Но уже в эпоху эллинизма, с потерей античным полисом своей пре­жней самостоятельности, стали разрушаться идеалы греческой «пай­дейи». Прервалась связь времен, общество перестало нуждаться в граж­данах: город входил в необъятную империю, и от человека требовались не гражданская смелость в принятии решений и полисные добродетели умеренности и справедливости, а способность «прожить незаметно», со­хранить себя, добиться «атараксии» (невозмутимости духа) в условиях социальной нестабильности и неконтролируемых политических собы­тий. Сомнение во всех ценностях, крайний скепсис, цинизм, с одной стороны, и догматическая вера в судьбу и предопределение, с другой, характеризовали растерянность античного человека перед лицом соци­альных катаклизмов, авторитарной власти и мелкого самоуправства. Как всегда, в таких условиях страдала культура. Падал престиж образо­ванности и познания, нарастающий интерес был обращен к эзотериче­скому началу. Ядро греческой образованности — система рационального знания и формирования человека по гражданскому образцу оказыва­лась невостребованной. Вера в иррациональное, к чему грек привык относиться свысока, с насмешкой, стали овладевать душами людей.

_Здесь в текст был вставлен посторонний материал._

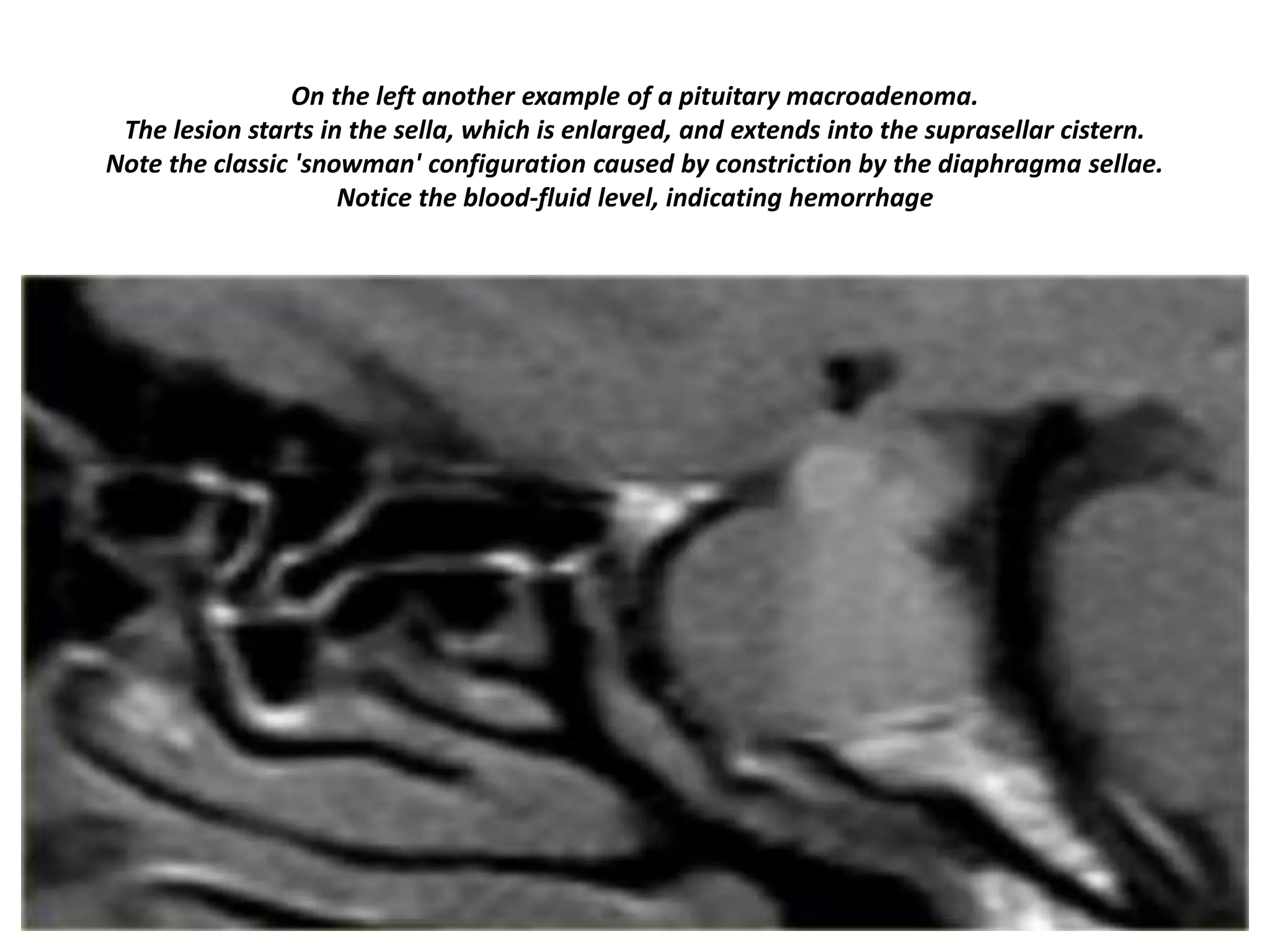 On the left another example of a pituitary macroadenoma.
The lesion starts in the sella, which is enlarged, and extends into the suprasellar cistern.
Note the classic 'snowman' configuration caused by constriction by the diaphragma sellae.
Notice the blood-fluid level, indicating hemorrhage

 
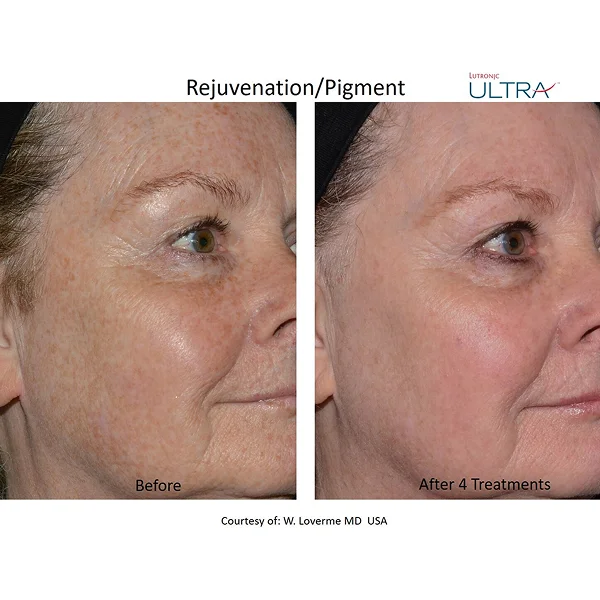 Avant et après le traitement de pigmentation pour une récupération rapide et un teint revitalisé.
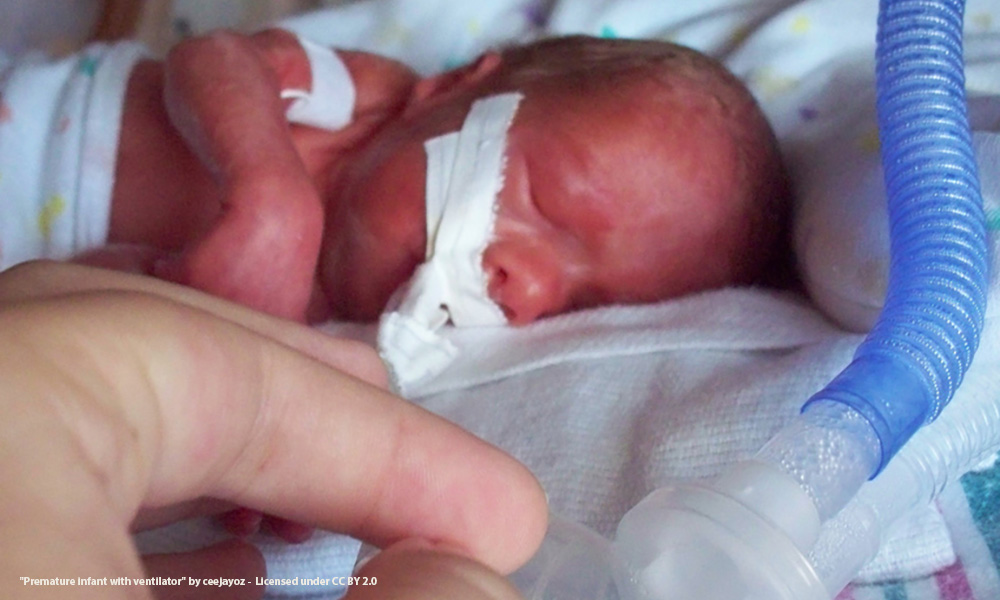 premature infant in incubator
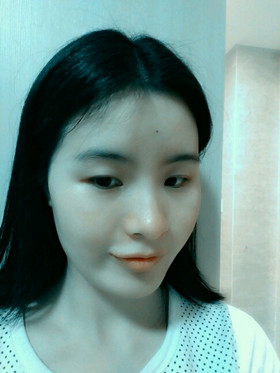 自體脂肪填充下巴前后對比圖，進來看看就知道啦!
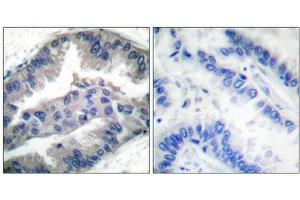 Immunohistochemical analysis of paraffin-embedded human lung carcinoma tissue, using BIK (Phospho-Thr33) antibody. (BIK 抗体  (pThr33))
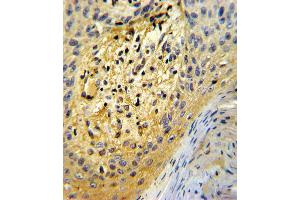 Formalin-fixed and paraffin-embedded human skin tissue reacted with SPARC Antibody , which was peroxidase-conjugated to the secondary antibody, followed by DAB staining. (SPARC antibody  (C-Term))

В этой ситуации социальной и политической нестабильности пло­хими помощниками оказались отечественные боги. Греки привыкли к тому, что они переменчивы в своих настроениях и завистливы к человеку, и потому всегда надеялись на свои силы и разум. С этим же было связано циклическое переживание времени, неприязнь к непос­тижимому (тайне) и осуждение человеческой слабости. Вследствие прогрессирующей дисгармонии между человеком и социумом, а также из-за разрушения полиса прежние ценности гражданской добродетели оказались несовместимыми с новыми космически-имперскими ориен- тациями. Отдельная личность здесь не может противостоять необходи­мости, существующей как в мировом масштабе, так и необходимости, существующей в совокупном мире человеческих действий. Возникла потребность в чуде, духовном абсолюте как средстве выражения осоз­наваемой человеком зависимости от неуправляемых и неподвластных ему социальных процессов.